Iphone, automóveis com propulsão própria, drones usados no comércio como serviço de entrega, robôs inteligentes, etc. parecem substituir cada vez mais o Homem reduzindo-o
ao papel de espectador. A alta tecnologia promete o sonho
à custa da liberdade. O exercício do
pensamento passa para os computadores e a força revolucionária parece ter
passado para a técnica e o trabalho manual é cada vez mais substituído pela
produção mecânica. Tudo isto está a provocar uma mudança radical das nossas
impostações éticas, da nossa maneira de pensar e agir. É o que se observa e
sente hoje que nos encontramos em pleno epicentro da revolução Vale do Cilício:
uma revolução que quer tornar possível a felicidade individual realizada através
dos padrões de grandes monopólios anónimos à margem de democracias, das
culturas e das religiões. Aristóteles diria hoje em termos portugueses: ”nem
tanto ao mar nem tanto à terra”.
Aos industriais e aos barões do petróleo sucederam-se os Bancos e os Gestores
de fundos Hedge. Actualmente encontra-se em via de realização a era da
revolução digital – com os génios dos computadores e das altas tecnologias.
Antes os líderes contentavam-se com o poder da riqueza depois passou-se ao
poder do dinheiro. Hoje os líderes do
mundo (protótipo Silicon Valley na Califórnia) querem mais; aspiram a
determinar não só o que consumimos mas também a maneira como consumismos e como
vivemos juntando na mesma mão (ou organização) o ideário, a economia, a
ideologia e a produção numa Agenda bem definida.

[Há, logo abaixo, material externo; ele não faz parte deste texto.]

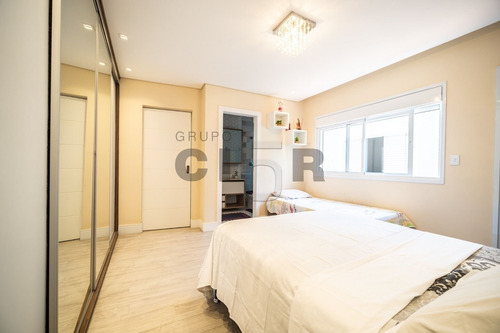 Imagem 14 de 15 de Excelente Casa Em Carapicuíba! Tudo Novo É Só Mudar! - 220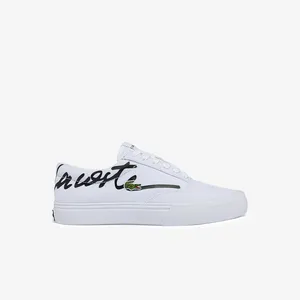 Кеды Lacoste Jump Serve, белый, арт. 743CFA0024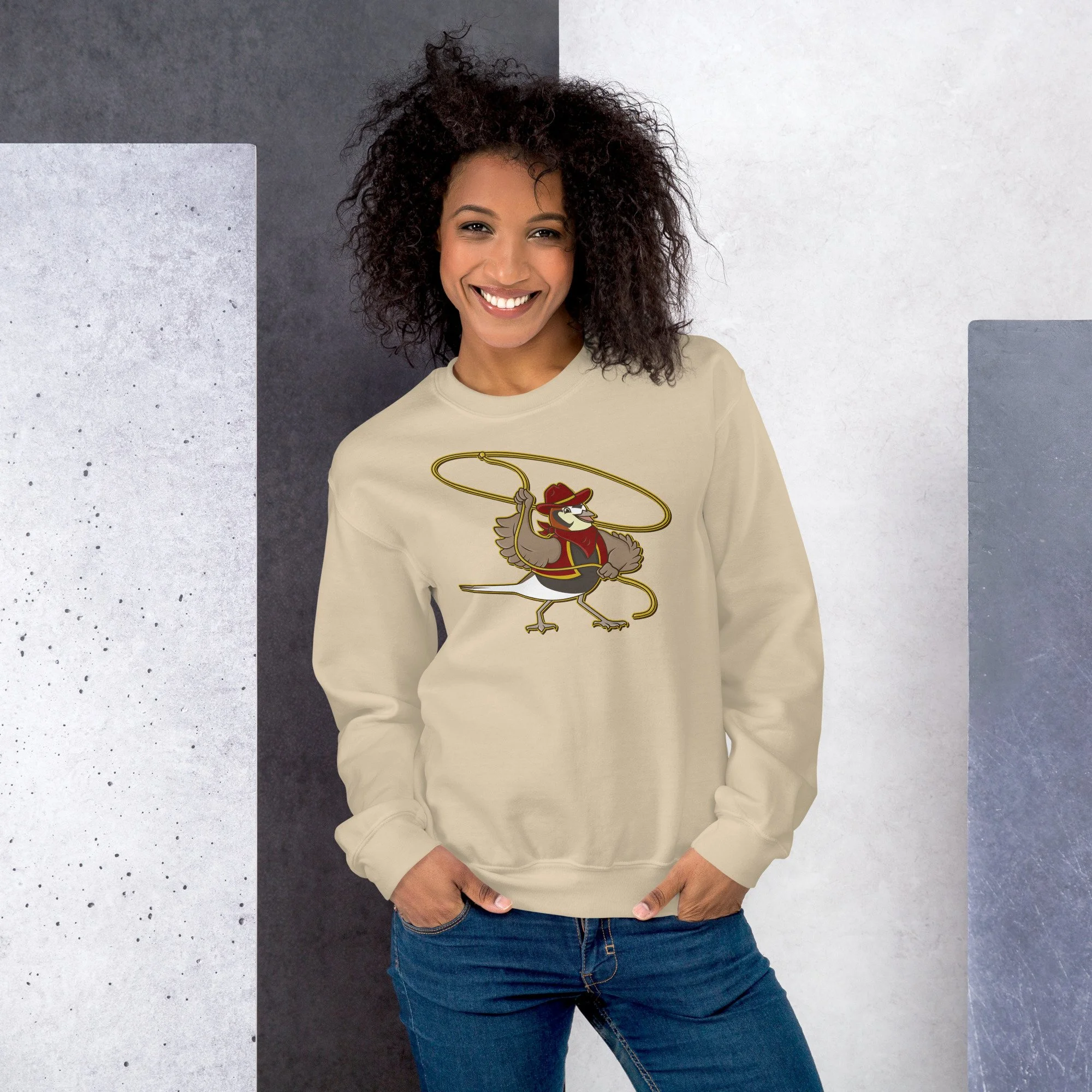 unisex-crew-neck-sweatshirt-sand-front-693ca9146fcae.jpg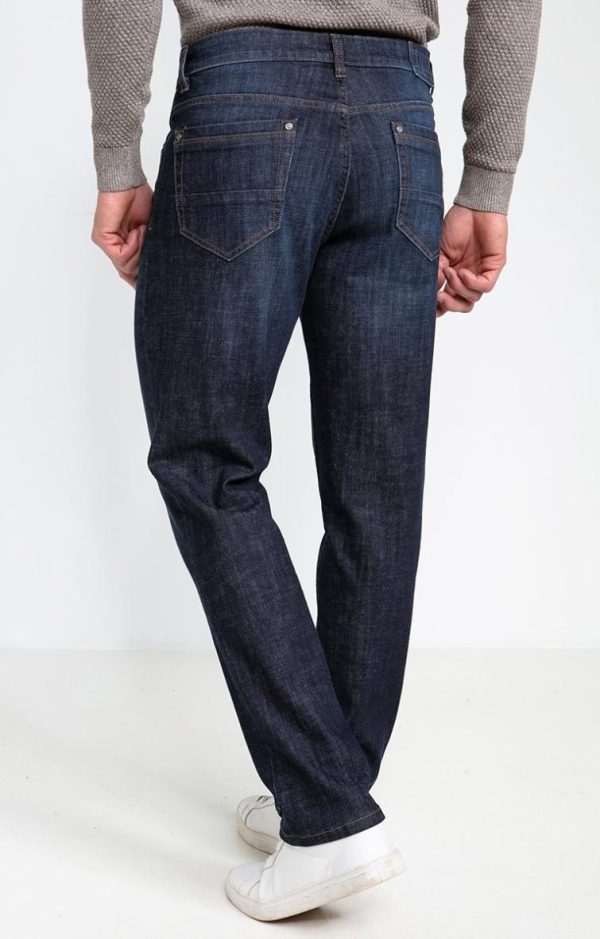 Lollydewez.shopdbd0f5d44e 2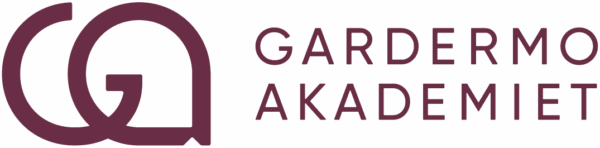 Gardermoakademiet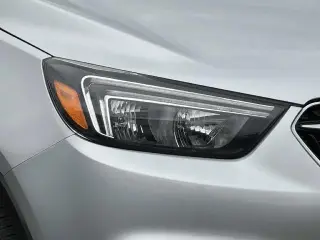 Buick Encore 2019 AWD Sport Touring 4dr Crossover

A nova ideologia-praxia é
tentadora porque sabe empregar também a linguagem e as metáforas das religiões
e das literaturas.
Religiões e outras instituições abertas aos sinais dos tempos terão de
estar atentas às suas estratégias! Delas poderão aprender muito em termos de
resposta ao globalismo.
No princípio era a fé em Deus,
depois veio a fé no dinheiro e agora experimenta-se a fé na mensagem da Alta
Tecnologia como doutrina de salvação, que transfere a esperança para a
perspectiva das possibilidades infinitas da tecnologia! (Já há pessoas que se deixam
congelar para serem descongeladas na altura em que a técnica tenha descoberto
soluções para a morte – uma ilusão que desconhece a realidade do ser criado ou da
matéria mas que como utopia dá resposta, à sua maneira, a necessidades do ser
humano). Para os apóstolos da nova
mensagem, os estados, as religiões, as filosofias tornam-se em empecilhos de
progresso. Fixados na sua filosofia que de forma eclética se serve da
ciência e da religião como expressão da necessidade humana, elaboram um sistema
de ortodoxo-praxia orientada pelo desejo criativo que se realiza na inovação. Reduz-se
o ser a uma determinada forma de estar na vida. A ideologia substitui cada vez
mais as soluções práticas passando muitos projectos a ser efectuados segundo os
óculos da ideologia e do momento.
No princípio era a fé em Deus que se encontrava no âmago do Homem. Hoje é a
fé na tecnologia que já não se encontra dentro do homem, dependendo só dele e
ao não fazer parte do seu centro corre perigo de o alienar totalmente.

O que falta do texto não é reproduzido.